REACH (indra.reach)

REACH API (indra.reach.reach_api)

indra.reach.reach_api.process_json_file(file_name, citation=None)[source]

Return a ReachProcessor by processing the given REACH json file.

The output from the REACH parser is in this json format. This function is useful if the output is saved as a file and needs to be processed. For more information on the format, see: https://github.com/clulab/reach

Parameters:
  • file_name (str) – The name of the json file to be processed.
  • citation (Optional[str]) – A PubMed ID passed to be used in the evidence for the extracted INDRA Statements. Default: None
Returns:

rp – A ReachProcessor containing the extracted INDRA Statements in rp.statements.

Return type:

ReachProcessor

indra.reach.reach_api.process_json_str(json_str, citation=None)[source]

Return a ReachProcessor by processing the given REACH json string.

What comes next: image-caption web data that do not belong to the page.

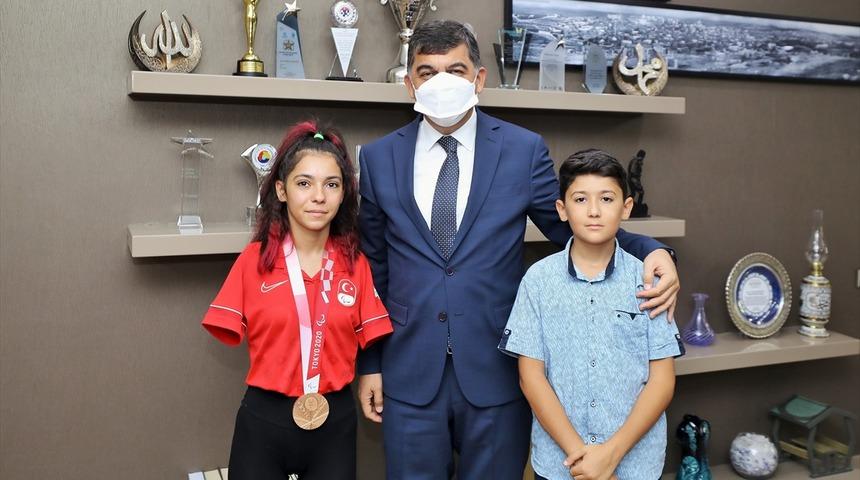 Paralimpik milli yüzücü Sevilay Öztürk'ün gözü yeni başarılarda:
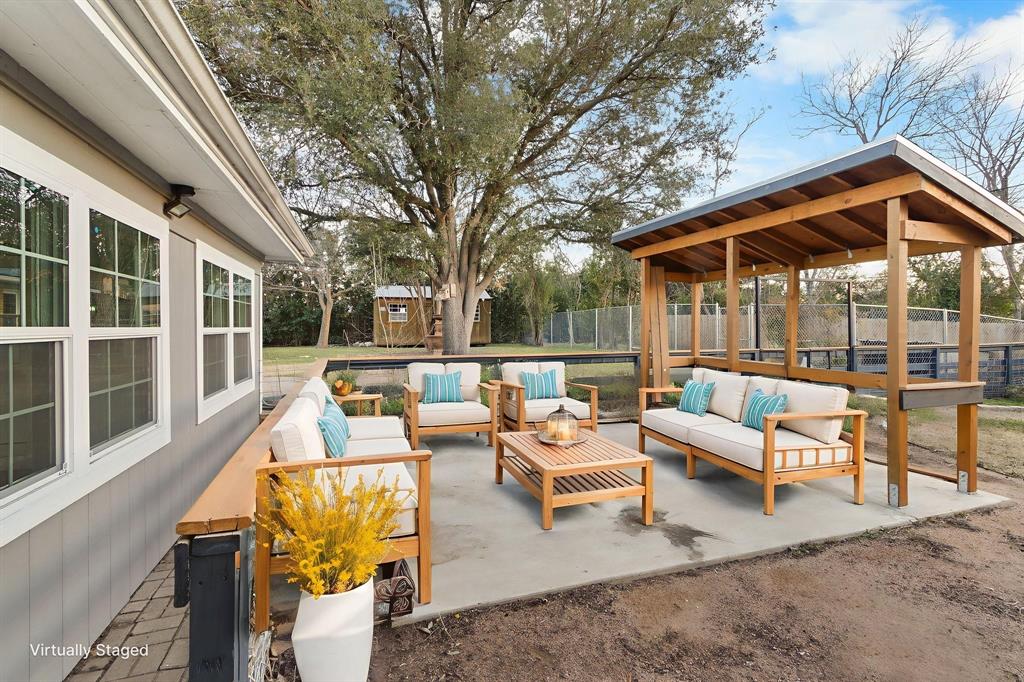 2208 Lake Ridge Circle Waco, TX 76710 - Photo 38 of 40 View of patio / terrace with an outdoor lounge area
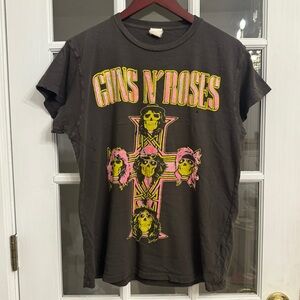 MADEWORN GUNS N ROSES Women’s Gray Distressed Detail Short Sleeve Band Tee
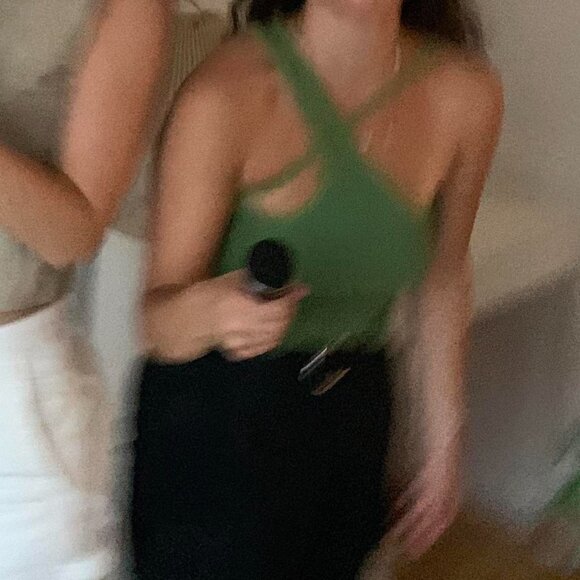 Green cross sleeveless camisole top - Picture 2 of 6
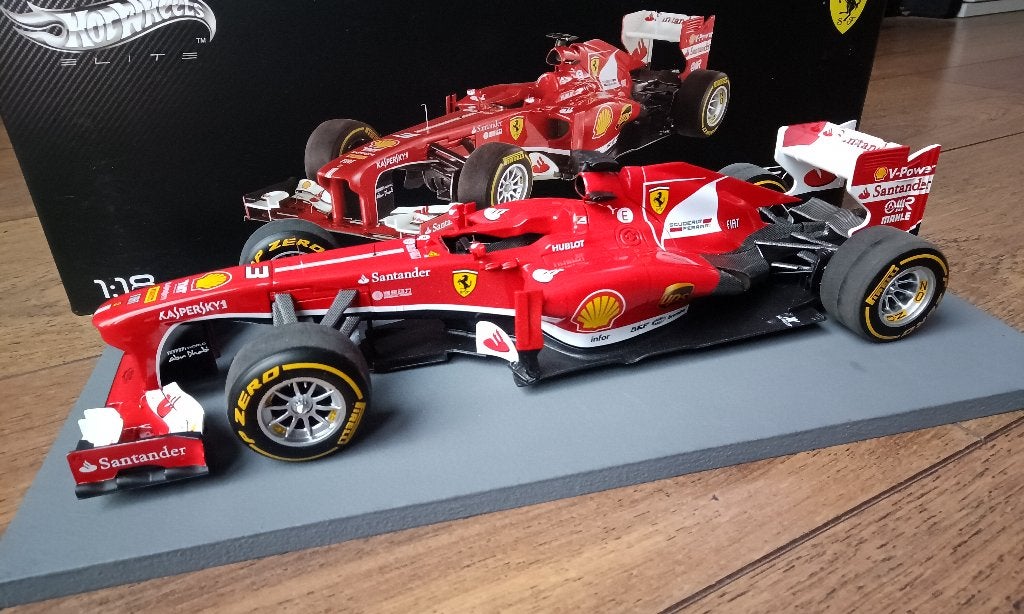 Ferrari F138 Fernando Alonso Hot Wheels Elite F1 1/18, Ophalen of Verzenden, Zo goed als nieuw, Auto, Hot Wheels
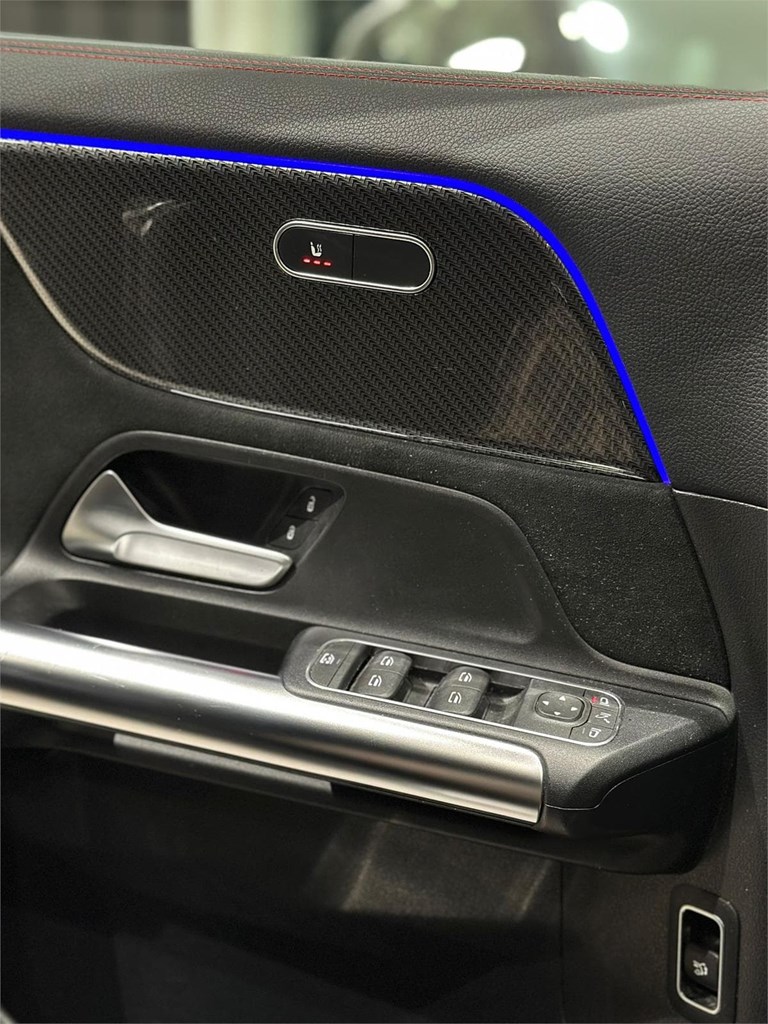 Foto 23 MERCEDES-BENZ GLA 200d AMG Line · 2020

The output from the REACH parser is in this json format. For more information on the format, see: https://github.com/clulab/reach

Parameters:
  • json_str (str) – The json string to be processed.
  • citation (Optional[str]) – A PubMed ID passed to be used in the evidence for the extracted INDRA Statements. Default: None
Returns:

rp – A ReachProcessor containing the extracted INDRA Statements in rp.statements.

Return type:

ReachProcessor

indra.reach.reach_api.process_nxml_file(file_name, citation=None, offline=False)[source]

Return a ReachProcessor by processing the given NXML file.

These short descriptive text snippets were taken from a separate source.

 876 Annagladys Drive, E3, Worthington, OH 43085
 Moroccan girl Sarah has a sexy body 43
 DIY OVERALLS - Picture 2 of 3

NXML is the format used by PubmedCentral for papers in the open access subset.

Parameters:
  • file_name (str) – The name of the NXML file to be processed.
  • citation (Optional[str]) – A PubMed ID passed to be used in the evidence for the extracted INDRA Statements. Default: None
  • offline (Optional[bool]) – If set to True, the REACH system is ran offline. Otherwise (by default) the web service is called. Default: False
Returns:

rp – A ReachProcessor containing the extracted INDRA Statements in rp.statements.

Return type:

ReachProcessor

indra.reach.reach_api.process_nxml_str(nxml_str, citation=None, offline=False)[source]

Return a ReachProcessor by processing the given NXML string.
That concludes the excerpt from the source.